WORK TO COMPLETE: Find the line containing "Decorative Wooden House With Moss (G082)" in the listing below; reproduce it and every line after, exactly. Skip pictures.

DATA BELOW: Begin

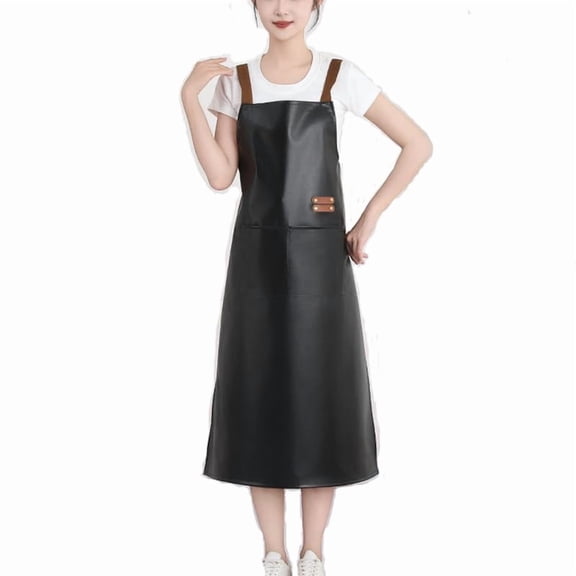 DOVACKA Waterproof PU Apron with Large Pocket, Oil-Proof & Dust-Proof, Black and Red for Kitchen Work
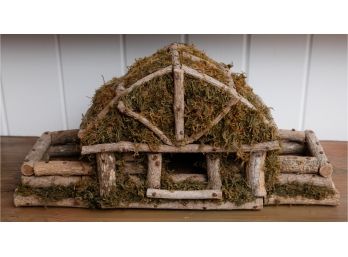 Decorative Wooden House With Moss (G082)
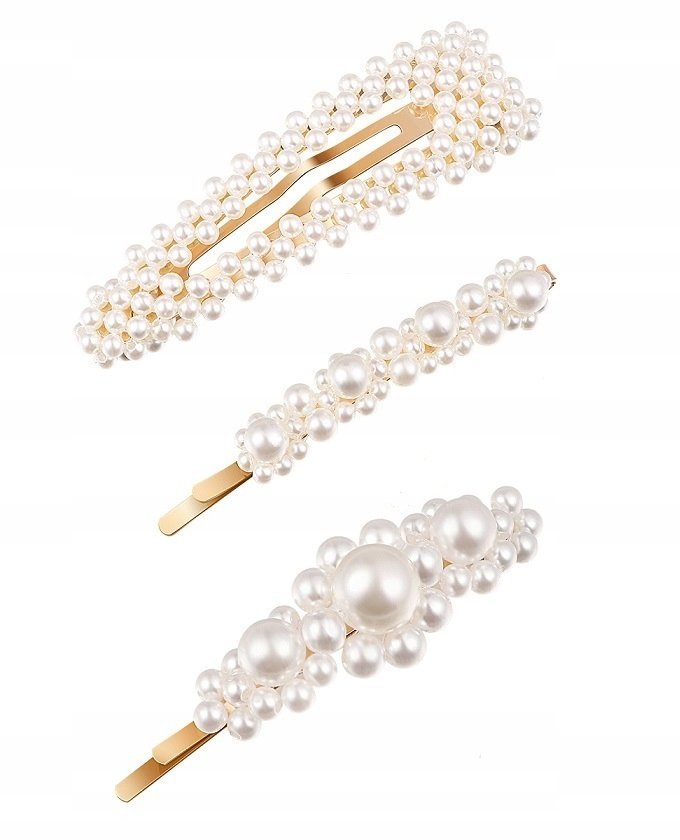 Spinka Spinki Do Włosów Z Perełkami Perły 3 Szt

DATA BELOW: End

FINISHED TASK:
 Decorative Wooden House With Moss (G082)
 Spinka Spinki Do Włosów Z Perełkami Perły 3 Szt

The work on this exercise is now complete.